Sarasota County Election Official Blames Independent Candidates for Voting Machine Problem

Approximately 12% of all the voters in Sarasota County, Florida, failed to vote for U.S. House, even though the race was very close. In the district as a whole, the Republican is leading the Democrat by fewer than 300 votes. The Sarasota County Elections Supervisor, Kathy Dent, speculated that voters (who use touch screens) were confused because the U.S. House race was on a separate screen than the statewide races. She blamed the need for a separate screen on the fact that there was a “glut” of independent candidates for U.S. Senate.

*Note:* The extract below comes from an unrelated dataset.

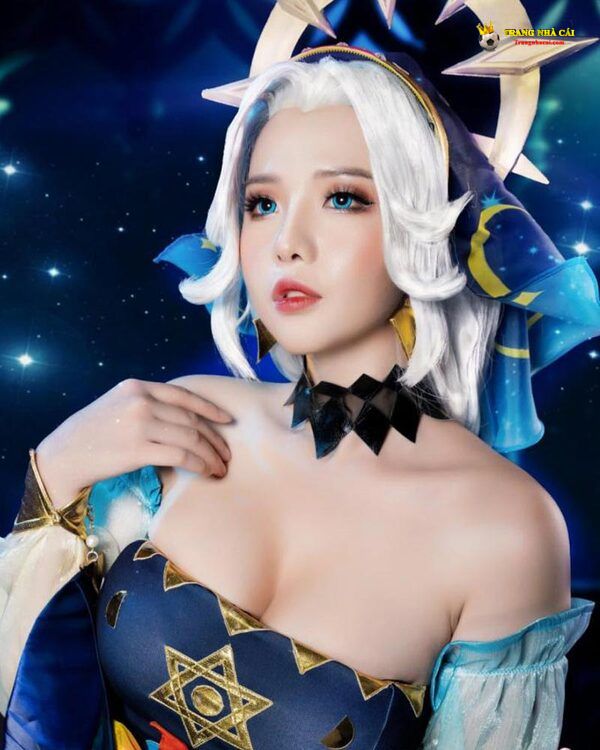 Cosplayer với trang phục nổi bật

However, there were only 4 independent candidates on the ballot for U.S. Senate, plus the Democratic and Republican nominees, for a total of 6. The Florida Democratic presidential primary in 2004 had 9 candidates on the ballot; the Florida Democratic gubernatorial primary this year had 5 candidates on the ballot. Somehow, no one is known to have complained about the “glut” of candidates in those primaries.


Comments

Sarasota County Election Official Blames Independent Candidates for Voting Machine Problem — 7 Comments

  1. Maybe every race should have its own screen and you might not want the people who didn’t realize there was a house race to vote anyway.

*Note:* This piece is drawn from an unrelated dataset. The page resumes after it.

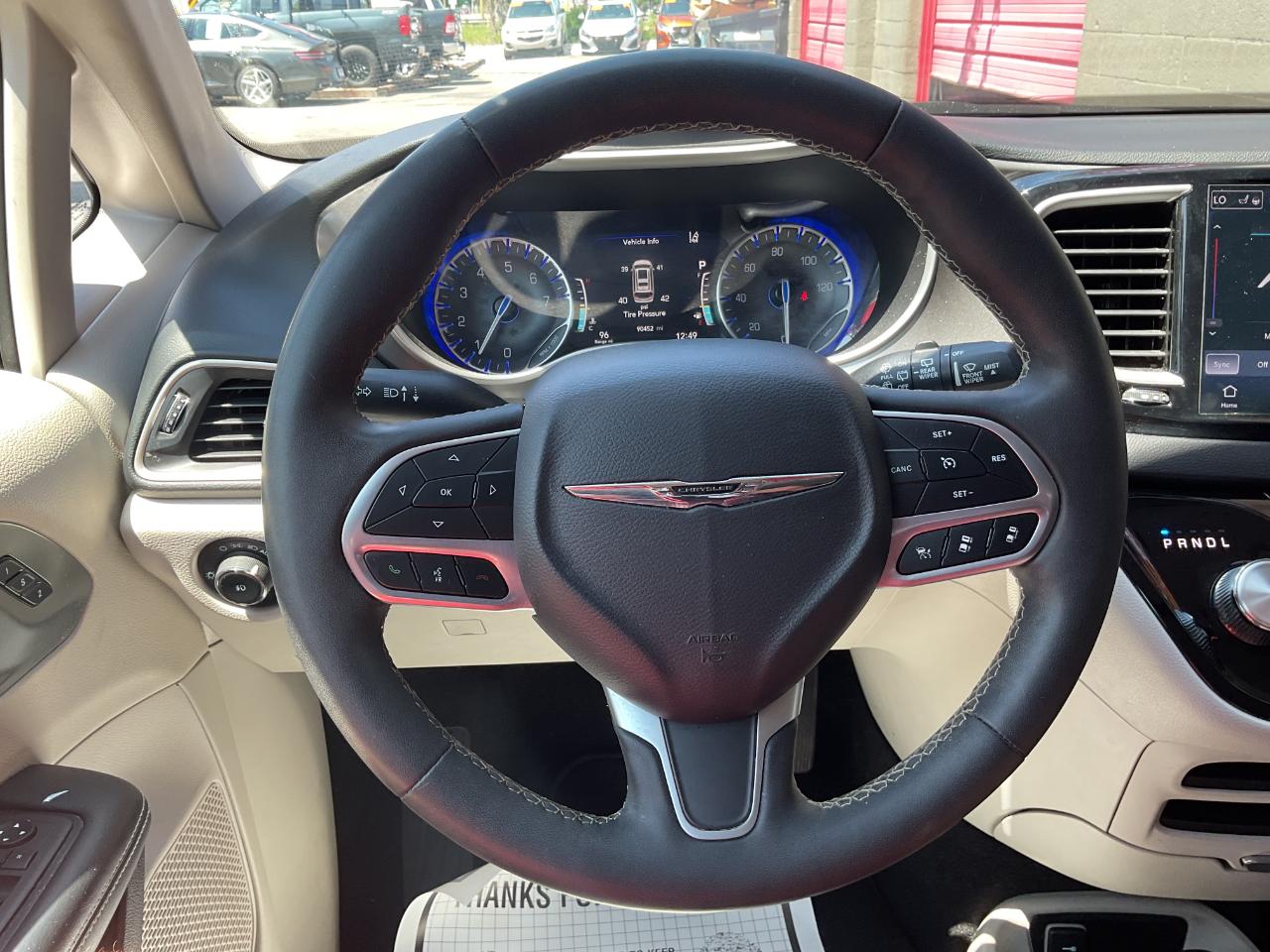 Chrysler Pacifica Touring L 2023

  2. Whats wrong with good old fashioned pencil and paper? We use it in Britain and our election results are accurate. None of the third world disgrace that happens in the US.

  3. yeah, what would be wrong with a pencil and paper? that and a lot more people in the room during the counting process. why not?

  4. In Jefferson County Alabama my ballot was Pencil & Paper and included front & back of a sheet of Legal Paper (and it was only R’s&D’s), I wonder how many people didn’t look on the back. If people are too dumb to vote properly, they are too dumb to vote!

  5. These people were not stupid, they did vote for a representative and out of the 18,000 plus, at least 1,000 more of them voted for Jennings than voted for Buchanan and if these votes had been counted she would have won the election. Their votes were not counted. They were disenfranchised and why do we continually think up north that it is going to be different next election in Florida and it is always something else foul. No surprise given your record on civil rights over the past two centuries. But wait, Virginia can get it right, so it isn’t the southern heritage, it must be that they don’t let partisan politicians run the voting!

  6. Kathy Dent is a very partisan Republican who is only interested in maintaining the Republican’s lead in the district.